Note that the cargo must be shipped in the order given, so using a ship of capacity 14 and splitting the packages into parts like (2, 3, 4, 5), (1, 6, 7), (8), (9), (10) is not allowed. 

初看这道题目时可能意识不到可以用Binary Search来做,因为我们很可能会下意识地把weights作为搜索空间,然后无功而返。实际上我们需要搜索的目标是,从诸多可行的capacity中,找到取值最小的那一个。我们可以挖掘出题目中蕴含的单调性——如果运载量为m时可以在D天之内运完所有货物,那么任何比m更大的运载量一定也能顺利运完。接下来我们需要确定搜索空间,capacity至少应该为max(weights),否则传送带无法搭载重量最大的那份货物,capacity至多只需要sum(weights),此时我们可以在一天之内就运送完所有货物。

我们需要写一个帮助函数feasible,任意输入一个capacity,判断以这个运载量能否顺利完成运货,这个函数以greedy的方式来放置货物,如果当前这个货物放到传送带上后总重量不超过运载量,那么就放置这个货物;否则就把已经放置到传送带上的货物都运走,然后在新一天把这个货物放到传送带上。如果需要的总天数小于等于D天,函数便返回True,否则返回False。我们搜索的最终结果,便是满足feasible(k) == True的最小k值。

现在我们可以照搬之前的模板了。这一解法的时间复杂度是O(nlog\ S),其中n = len(weights), S = sum(weights)

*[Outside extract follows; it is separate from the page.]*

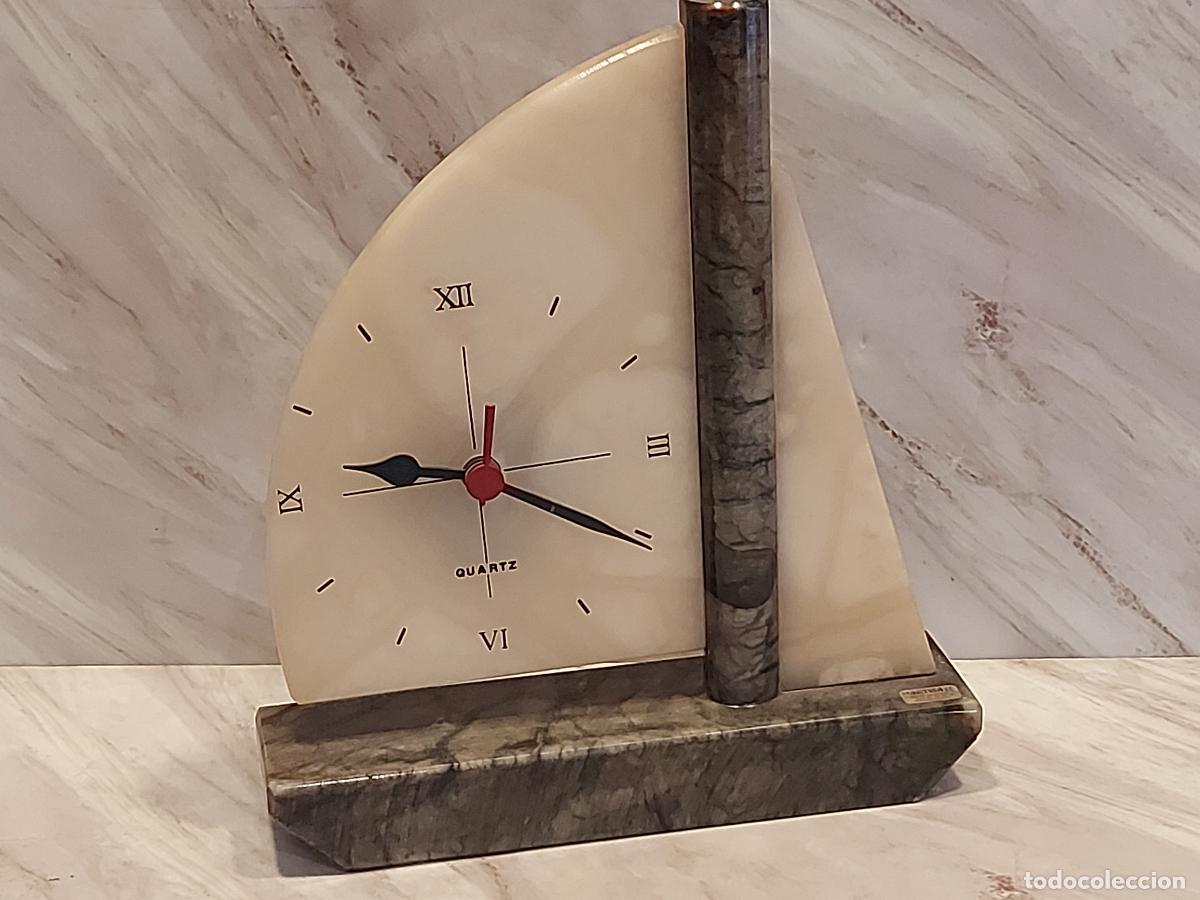 Vintage: RELOJ DE SOBREMESA | VELERO DECORATIVO DE PIEDRA | MARTISA MADE IN SPAIN | CUARZO FUNCIONANDO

def shipWithinDays(weights: List[int], D: int) -> int:
    def feasible(capacity) -> bool:
        days = 1
        total = 0
        for weight in weights:
            total += weight
            if total > capacity:  # 以Greedy的方式来放置货物,如果超过最大运载量,便顺延到下一天
                total = weight
                days += 1
                if days > D:  # 不能在D天之内运完货物,返回False
                    return False
        return True

    left, right = max(weights), sum(weights)
    while left < right:
        mid = left + (right - left) // 2
        if feasible(mid):
            right = mid
        else:
            left = mid + 1
    return left

410. Split Array Largest Sum [Hard]

Given an array which consists of non-negative integers and an integer m, you can split the array into m non-empty continuous subarrays. Write an algorithm to minimize the largest sum among these m subarrays.

Example:

Input:
nums = [7,2,5,10,8]
m = 2

Output:
18

Explanation:
There are four ways to split nums into two subarrays. The best way is to split it into [7,2,5] and [10,8], where the largest sum among the two subarrays is only 18.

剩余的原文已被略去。